In 1910 Little Italy had almost 10,000 Italians; that was the peak of the community's Italian population. At the turn of the 20th century, over 90% of the residents of the Fourteenth Ward were of Italian birth or origins. Tonelli said that it meant "that residents began moving out to more spacious digs almost as soon as they arrived." Such a vastly growing community impacted the "U.S. labor movement in the 20th century" by making up much of the labor population in the garment industry".

After World War II, many residents of the Lower East Side began moving to Brooklyn, Staten Island, eastern Long Island, and New Jersey. Chinese immigrants became an increased presence after the U.S. Immigration Act of 1965 removed immigration restrictions, and the Manhattan Chinatown to Little Italy's south expanded. In 2004, Tonelli said, "You can go back 30 years and find newspaper clips chronicling the expansion of Chinatown and mourning the loss of Little Italy."

Before 2004, several upscale businesses entered the northern portion of the area between Houston and Kenmare Street. Tonelli said, "Real-estate prices zoomed, making it even tougher for the old-timers—residents and businesspeople alike—to hang on." After the September 11 attacks in 2001, areas below Houston Street were cut off for the rest of the fall of 2001. The San Gennaro feast, scheduled for September 13, was postponed. Business from the Financial District dropped severely, due to the closure of Park Row, which connected Chinatown and the Civic Center; as a result, residents in Little Italy and Chinatown suffered. Tonelli said the post-9/11 events "strangely enough, ended up motivating all these newfangled efforts to save what's left of the old neighborhood."

In 2004 Tonelli said "Today, Little Italy is a veneer—50 or so restaurants and cafés catering to tourists, covering a dense neighborhood of tenements shared by recent Chinese immigrants, young Americans who can't afford Soho, and a few remaining real live Italians." This sentiment has also been echoed by Italian culture and heritage website ItalianAware. The site has called the dominance of Italians in the area "relatively short-lived." It attributes this to the quick financial prosperity many Italians achieved, which allowed them to leave the cramped neighborhood for areas in Brooklyn and Queens. The site also goes on to state that the area is currently referred to as Little Italy more out of nostalgia than as a reflection of a true ethnic population.

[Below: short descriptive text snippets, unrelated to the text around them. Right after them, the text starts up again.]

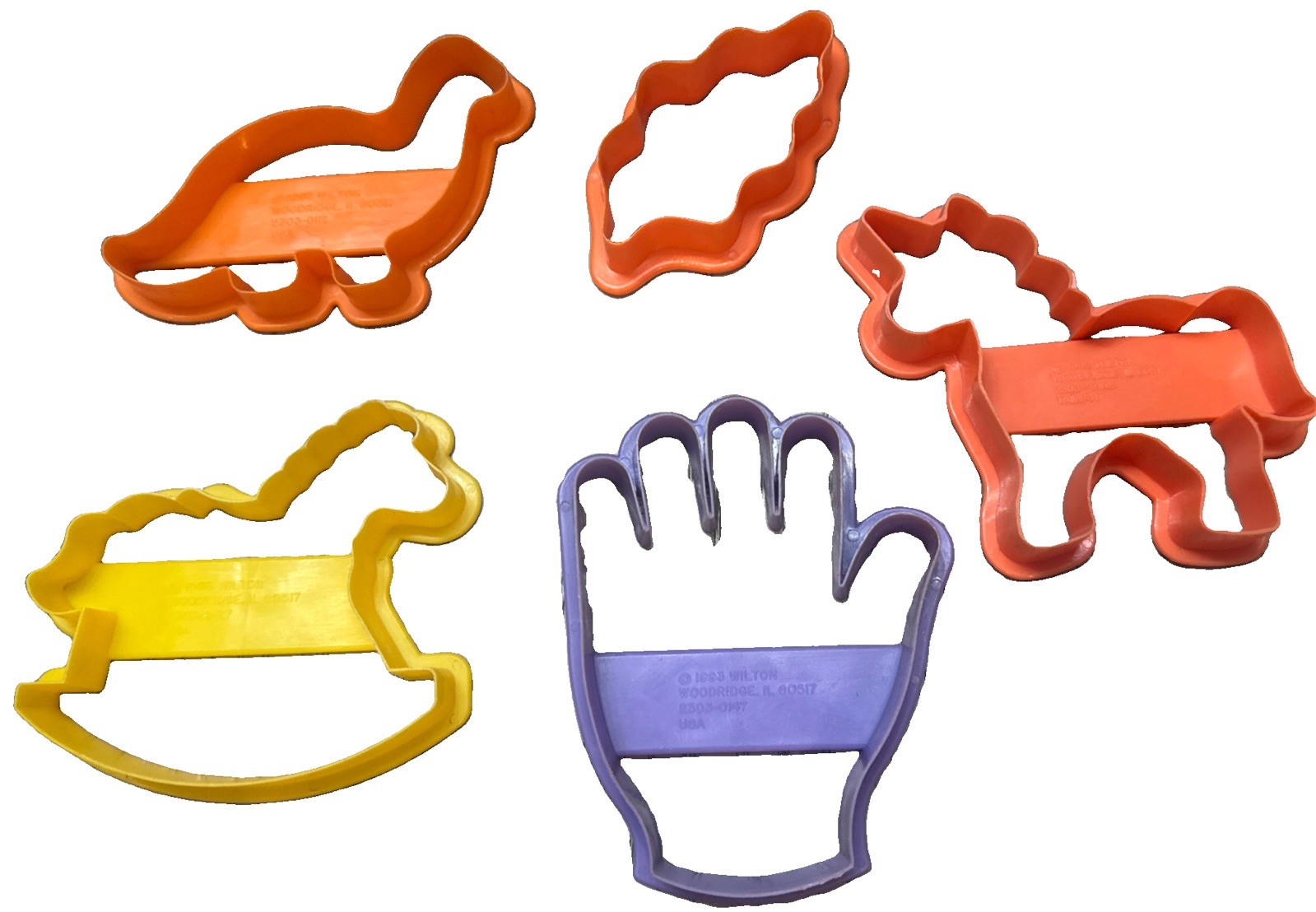 Vintage Wilton Plastic Cookie Cutters 1992-1993 Various Shapes Lot Of 5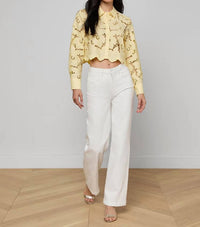L'Agence - Seychelle Cropped Eyelet Blouse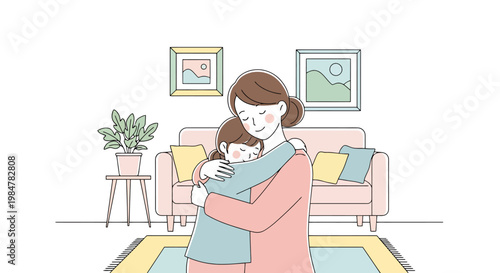 A loving mother tenderly embraces her young daughter in a warm and comforting home setting conveying deep affection and a strong familial bond between parent and child in a heartfelt moment of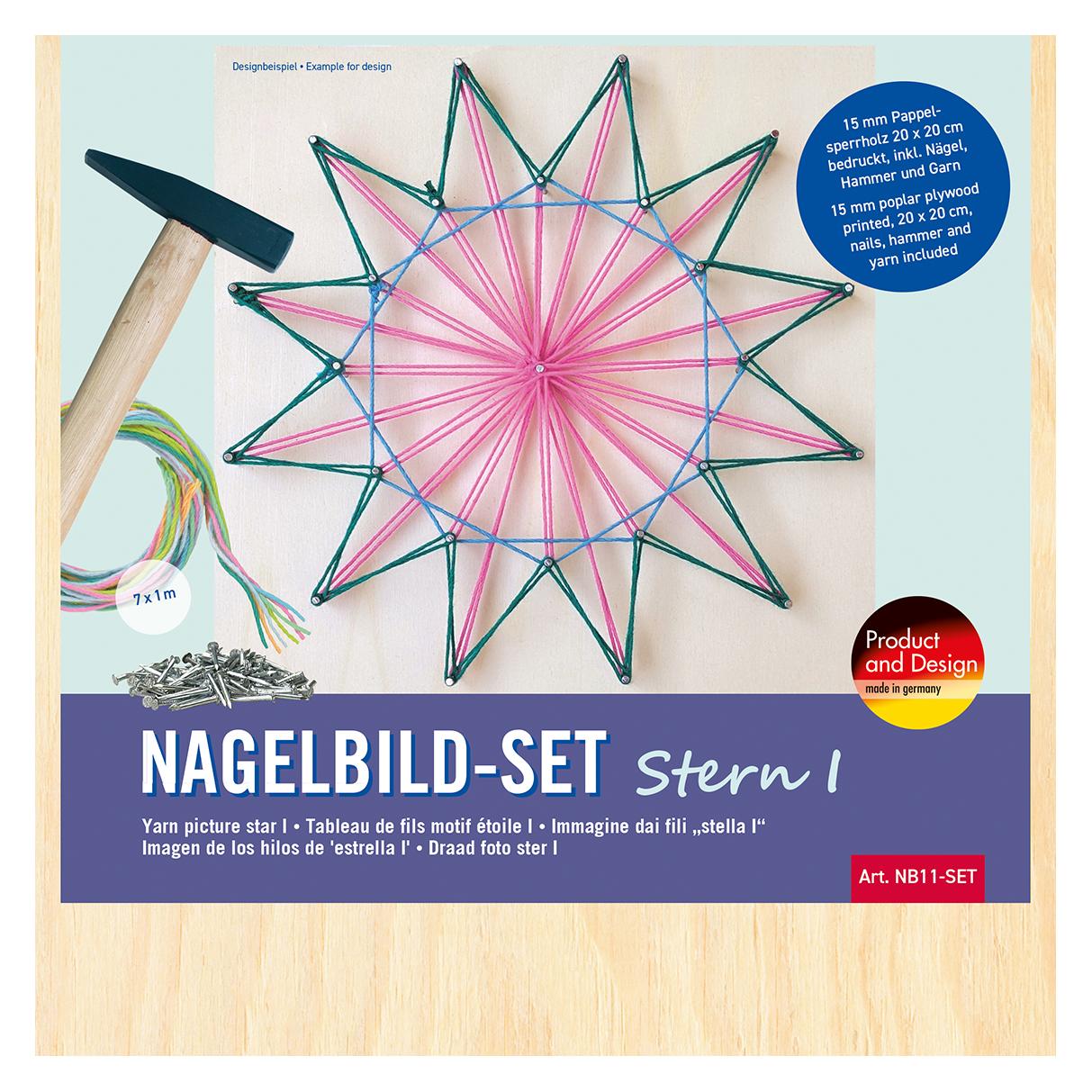 Pebaro Nagelbild-Set, Fadenbild, Fadenspannbild, String Art Bastelset mit Motiv Stern I (4006094781159-4006094781159)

In 2010, Little Italy and Chinatown were listed in a single historic district on the National Register of Historic Places. Little Italy, by this point, was shrinking rapidly.

Demographic changes

The New York Times sent its reporters to characterize the Little Italy/Mulberry neighborhood in May 1896:

They are laborers; toilers in all grades of manual work; they are artisans, they are junkman, and here, too, dwell the rag pickers. ... There is a monster colony of Italians who might be termed the commercial or shop keeping community of the Latins. Here are all sorts of stores, pensions, groceries, fruit emporiums, tailors, shoemakers, wine merchants, importers, musical instrument makers. ... There are notaries, lawyers, doctors, apothecaries, undertakers. ... There are more bankers among the Italians than among any other foreigners except the Germans in the city.

Since the late 1960s, when the United States allowed immigration from China, Chinatown's traditional boundary at Canal Street has inched northward into Little Italy. By the 1990s, while many Italian business remained, the blocks between Canal and Kenmare Streets had taken on a feel of Chinatown, though locals continue to refer to the area (including Nolita) as Little Italy.

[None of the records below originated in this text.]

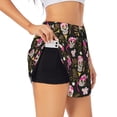thumbnail image 3 of Lsque Skull Daisy Printed Women's Running Shorts with Liner Pockets,Elastic Quick Dry Workout Athletic Gym Yoga Shorts,Womens High Waist Shorts-Small, 3 of 9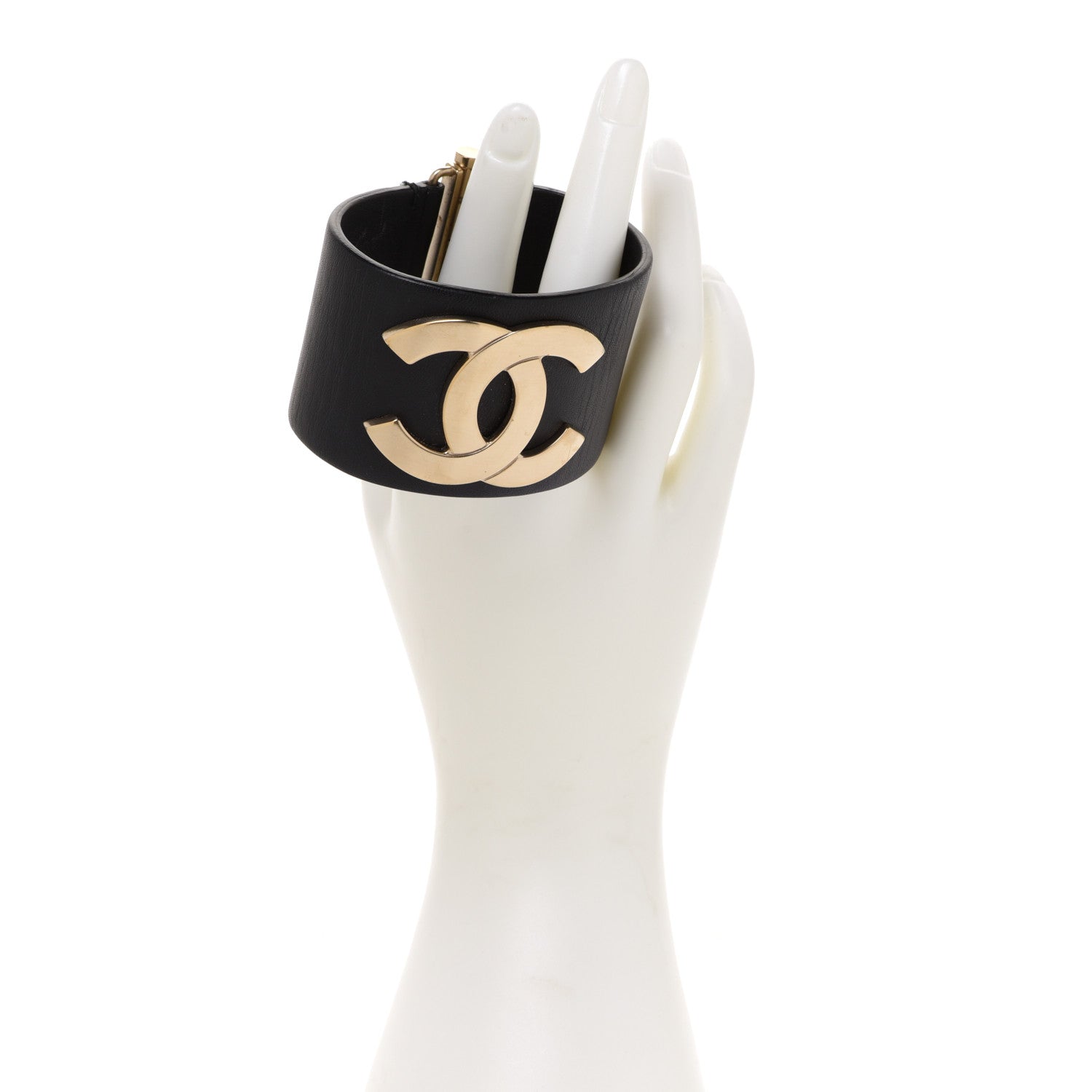 Chanel Calfskin CC Wide Cuff M Black 2 of 6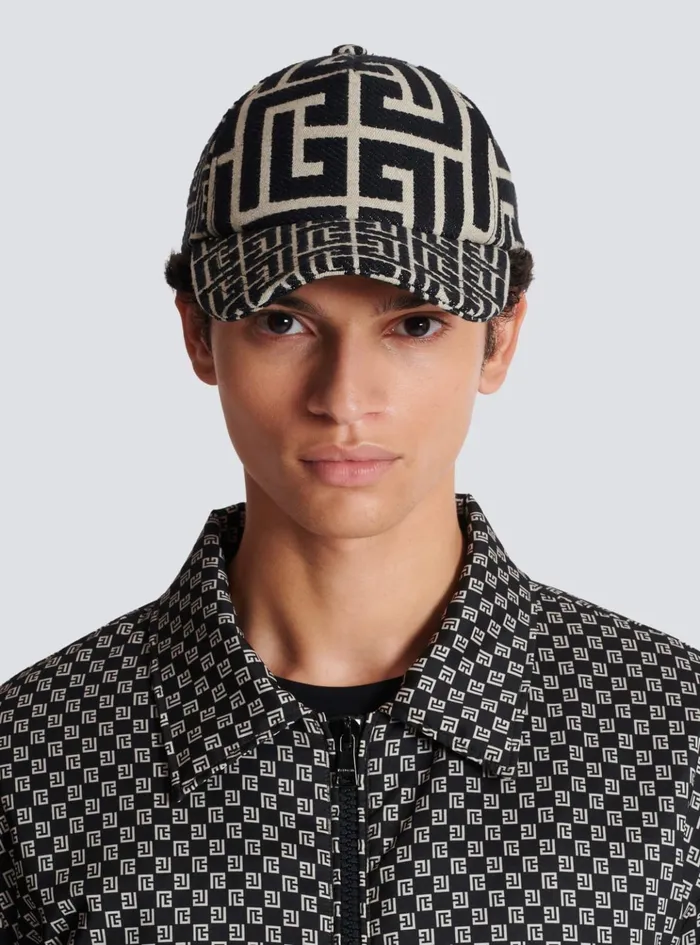 Monogrammed Jacquard Cap Black Men Balmain Hats And Caps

As of the 2000 U.S. Census, 1,211 residents claiming Italian ancestry lived in three census tracts that make up Little Italy. Those residents comprise 8.25% of the population in the community, which is similar to the proportion of those of Italian ancestry throughout New York City. Bill Tonelli of New York magazine contrasted Little Italy with the Manhattan Chinatown; in 2000, of the residents of the portions of Chinatown south of Grand Street, 81% were of Chinese origins.

In 2004, Tonelli revisited the issue, saying, "Little Italy may always endure as an open-air theme park of nineteenth- and twentieth-century European immigration to the Lower East Side ... But you'll spend a long time in the neighborhood before you hear anyone speak Italian, and then the speaker will be a tourist from Milan." Tonelli added, "You have to slow your gaze to find the neighbors in this neighborhood, because they're so overwhelmed and outnumbered by the tourists. But once you focus, you can see them, standing (or sitting) in the interstices, taking in the scene, like the group of men, mostly senior citizens, loitering contentedly under an awning on Mulberry Street."

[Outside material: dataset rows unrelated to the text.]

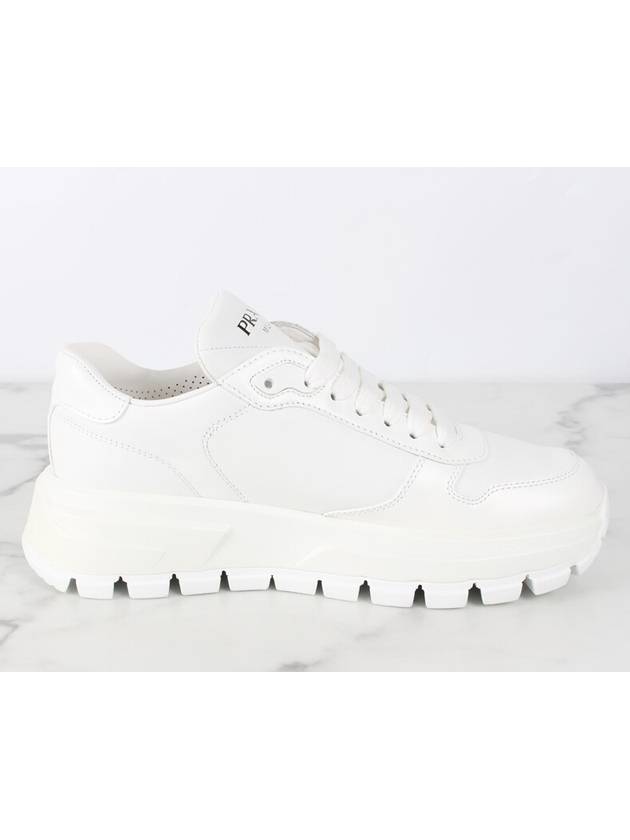 Triangular logo spazzolato sneakers white 37 5 245 - PRADA - BALAAN 8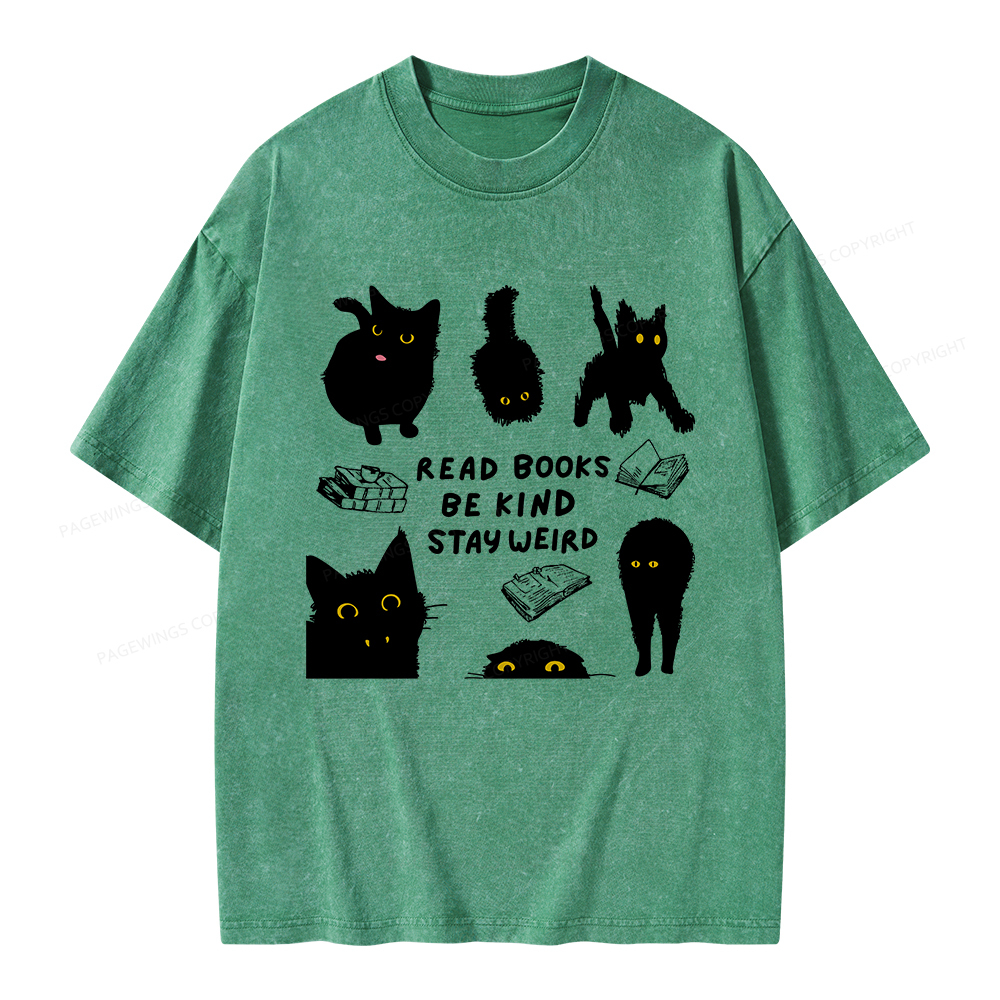 Pagewings Read Books Be Kind Stay Weird Unisex Washed T-shirt
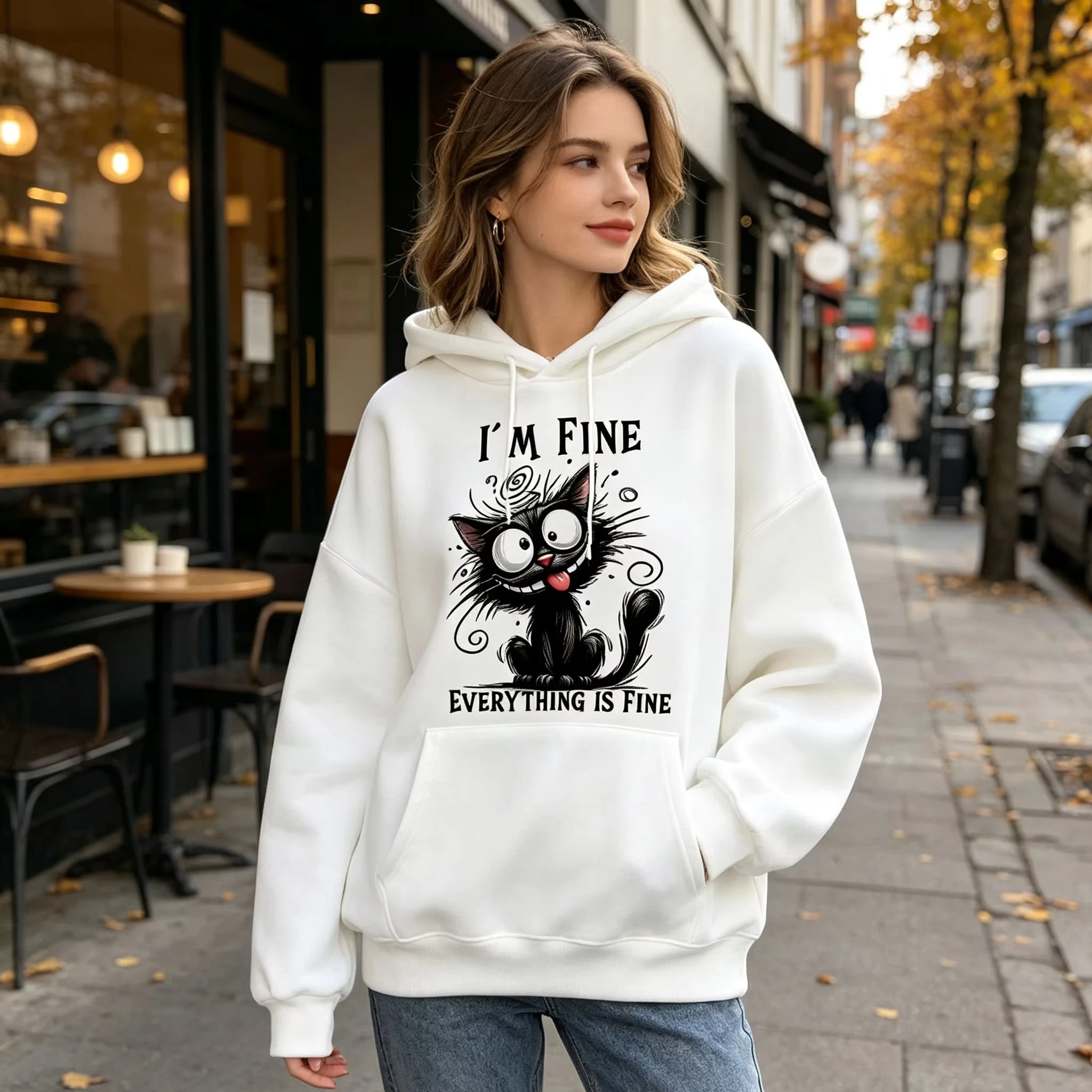 Damen „I'm Fine Everything Is Fine“ Schwarzer Katzen-Hoodie Lässiger Loser Langarm-Kapuzenpullover Lustiger Cartoon-Pullover Streetwear – Detail 11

By 2010 the U.S. Community Survey found that none of the people living in Little Italy were born in Italy, and 5% of residents identified as Italian American.

Cultural attractions

Little Italy was home to dozens of restaurants that serve authentic Italian cuisine, but between March 2013 and March 2014, eight eateries closed down.

Since 2004, Sorrento Lactalis funds neighborhood cultural events in Little Italy.

The Feast of San Gennaro originally was once only a one-day religious commemoration. It began in September 1926 with the new arrival of immigrants from Naples. The Italian immigrants congregated along Mulberry Street in Manhattan's Little Italy to celebrate San Gennaro as the Patron Saint of Naples. The Feast of San Gennaro is a large street fair, lasting 11 days, that takes place every September along Mulberry Street between Houston and Canal Streets.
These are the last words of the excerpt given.